Would you retype the whole listing exactly, leaving its pictures out?

DATA FOR REVIEW Start Marker

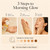 Cellu Overnight Firming Oil for Face & Body, Deeply Moisturizing Facial and Body Oil for Mature & Dry Skin, Lightweight Fast-Absorbing Skin Care Oil, Helps Improve the Look of Elasticity, 3.4 Fl Oz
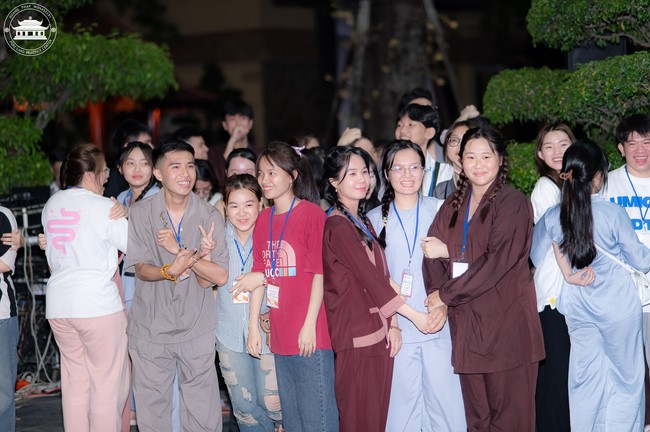 Ngày tu Sinh Viên Hướng Về Phật Pháp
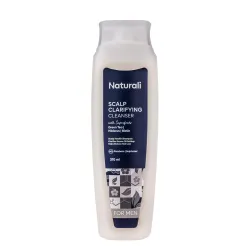 Naturali Scalp Clarifying Anti-Dandruff Shampoo 370ml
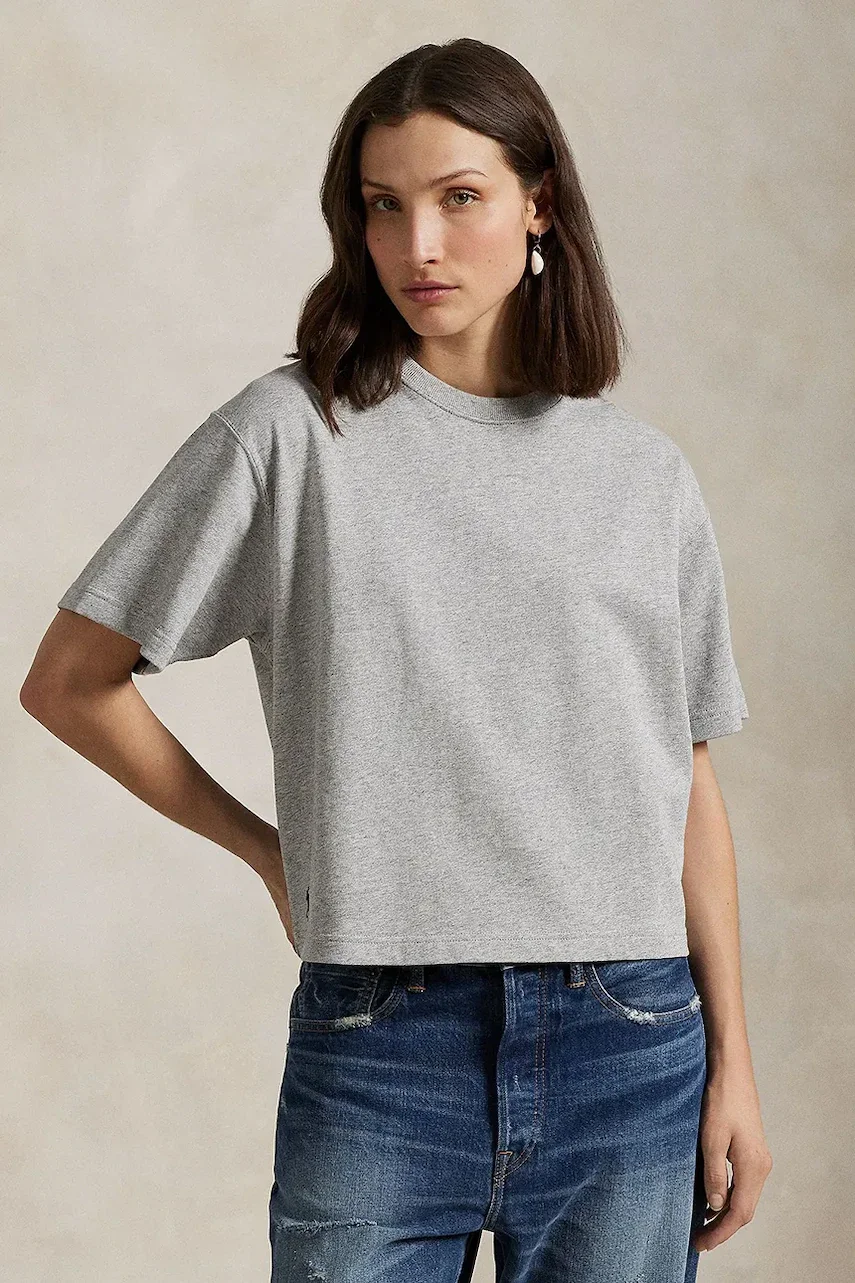 Polo Ralph Lauren Памучна тениска
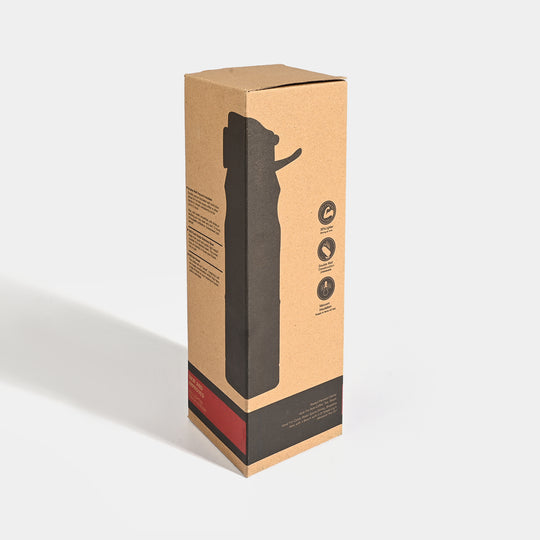WATER BOTTLE STAINLESS STEEL | 680ml
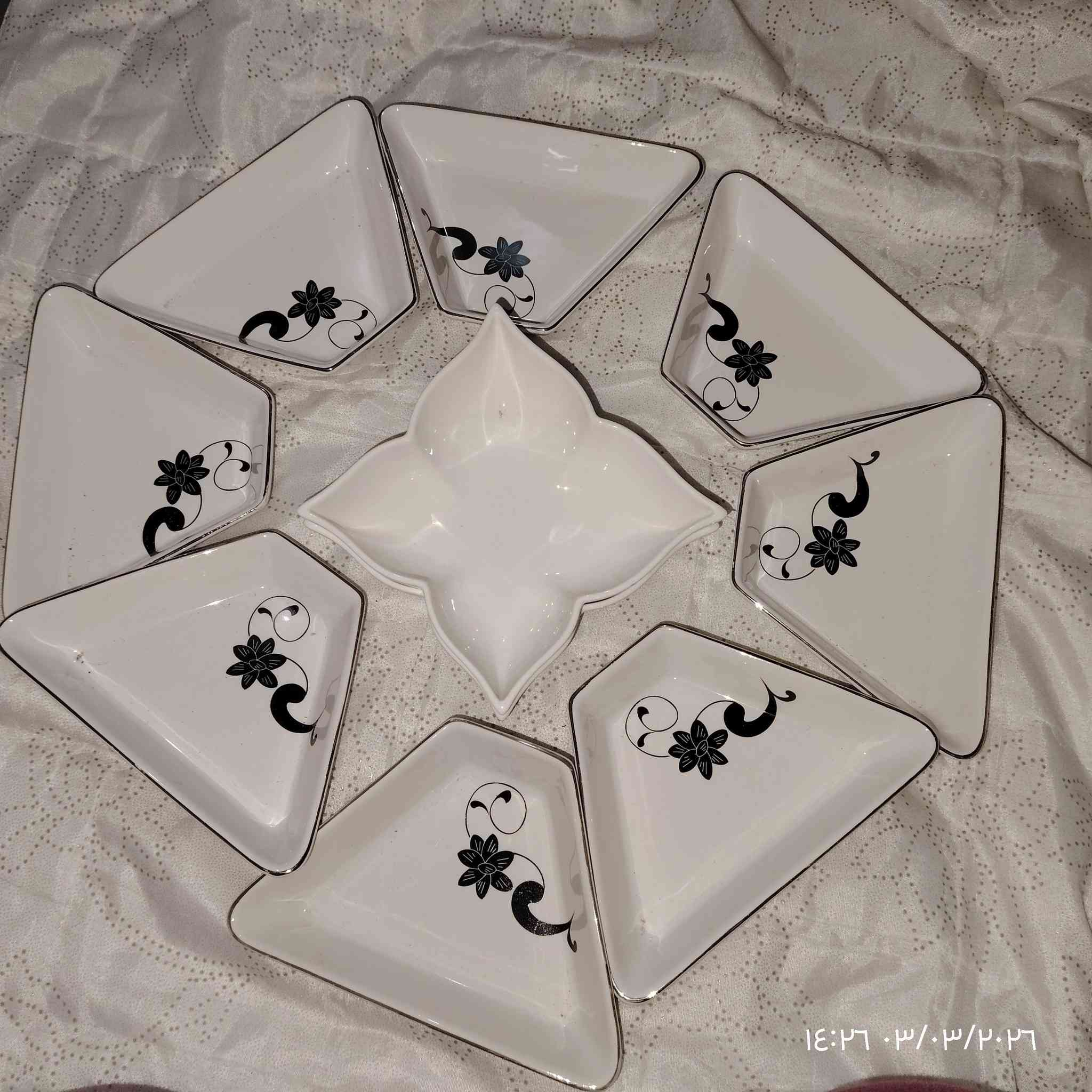 تم وصول مواعين قطع تجنن سعار مناسبه جدآ العنوان القيارة حي الشهداء
ومتوفر جمله ومفرد
متوفر خدمة التوصيل


**إذا كنت صاحب هذا الإعلان وتريد حذفه لأي سبب، رجاءا أرسل رسالة إلى الدعم الفني**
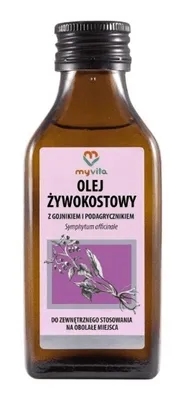 Produktbild von Comfrey Oil with Ironwort 100ml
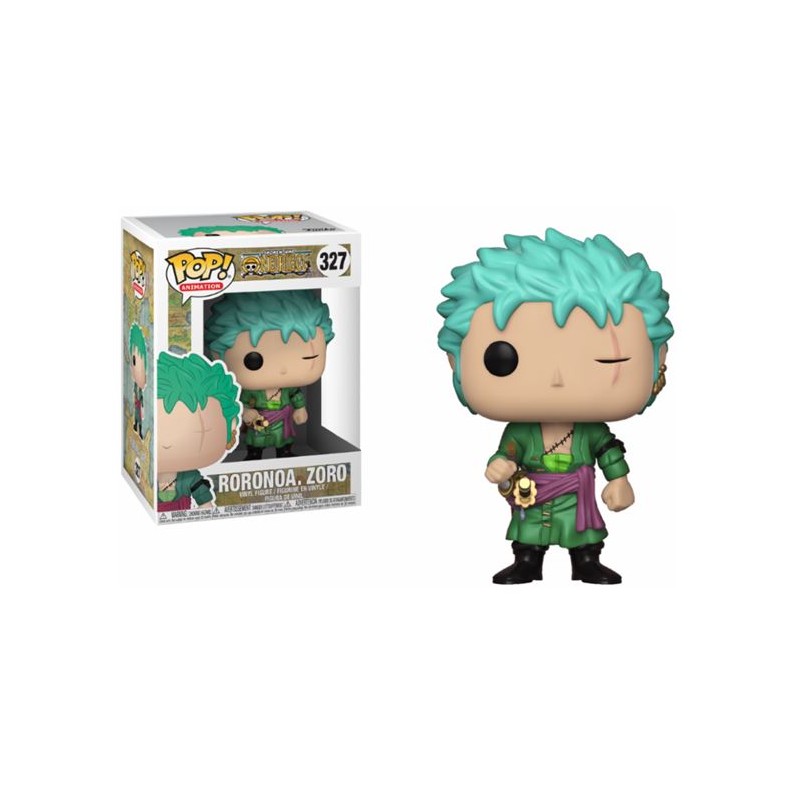 Zoro - One Piece New World (327) - POP Animation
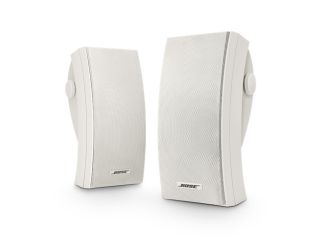 Bose 251 Outdoor Environmental Speakers-White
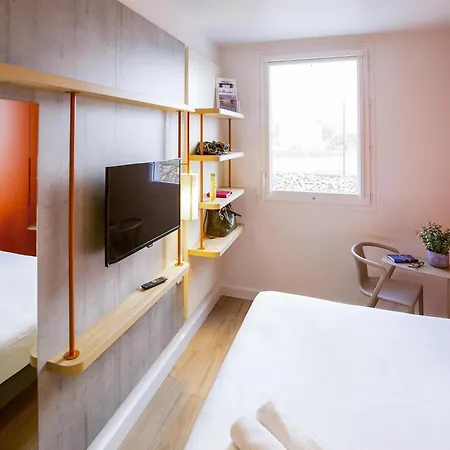Ibis Budget - La Glacerie Cherbourg-en-Cotentin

DATA FOR REVIEW End Marker

» **TASK SOLUTION**:
 Cellu Overnight Firming Oil for Face & Body, Deeply Moisturizing Facial and Body Oil for Mature & Dry Skin, Lightweight Fast-Absorbing Skin Care Oil, Helps Improve the Look of Elasticity, 3.4 Fl Oz
 Ngày tu Sinh Viên Hướng Về Phật Pháp
 Naturali Scalp Clarifying Anti-Dandruff Shampoo 370ml
 Polo Ralph Lauren Памучна тениска
WATER BOTTLE STAINLESS STEEL | 680ml
 تم وصول مواعين قطع تجنن سعار مناسبه جدآ العنوان القيارة حي الشهداء
ومتوفر جمله ومفرد
متوفر خدمة التوصيل


**إذا كنت صاحب هذا الإعلان وتريد حذفه لأي سبب، رجاءا أرسل رسالة إلى الدعم الفني**
 Produktbild von Comfrey Oil with Ironwort 100ml
 Zoro - One Piece New World (327) - POP Animation
 Bose 251 Outdoor Environmental Speakers-White
Ibis Budget - La Glacerie Cherbourg-en-Cotentin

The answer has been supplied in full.